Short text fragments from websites
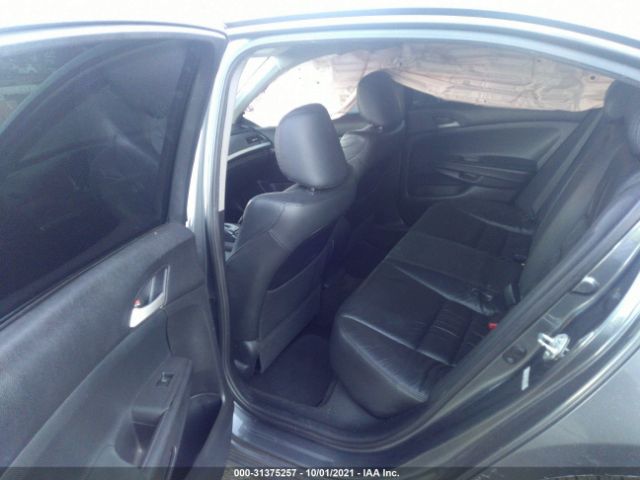 Photo 7 VIN: 1HGCP2F60CA140467 - HONDA ACCORD SDN 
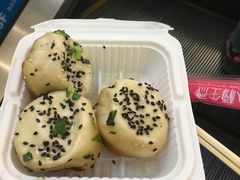 -小杨生煎(龙之梦购物中心店)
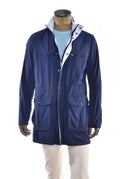 Kired Khvic Nylon Reversible Jacket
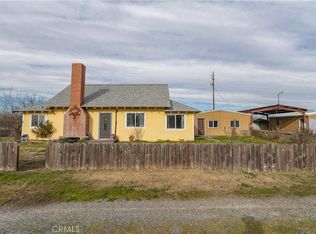 6330 Piedmont Rd, Corning, CA 96021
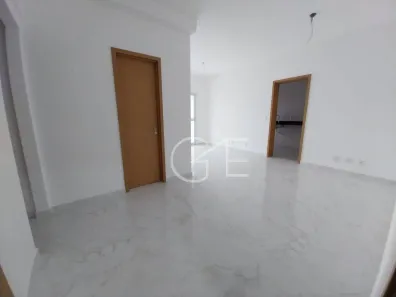 Apartamento com 3 Quartos à venda, 117m² no Gonzaga, Santos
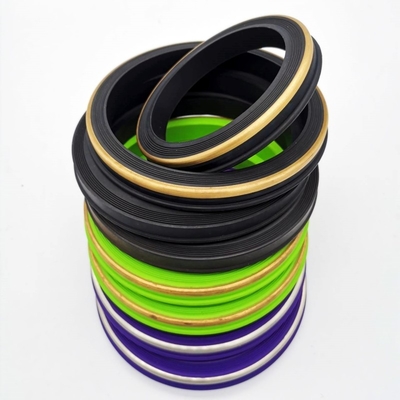 Royal Way resistenza al petrolio FIG 1502 Weco NBR HNBR FKM PTFE Martello Sigillo dell'Unione per il campo petrolifero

**ASSIGNMENT**
Set out every record exactly, images excluded.

**TASK ANSWER**
 Photo 7 VIN: 1HGCP2F60CA140467 - HONDA ACCORD SDN 
 -小杨生煎(龙之梦购物中心店)
 Kired Khvic Nylon Reversible Jacket
 6330 Piedmont Rd, Corning, CA 96021
 Apartamento com 3 Quartos à venda, 117m² no Gonzaga, Santos
 Royal Way resistenza al petrolio FIG 1502 Weco NBR HNBR FKM PTFE Martello Sigillo dell'Unione per il campo petrolifero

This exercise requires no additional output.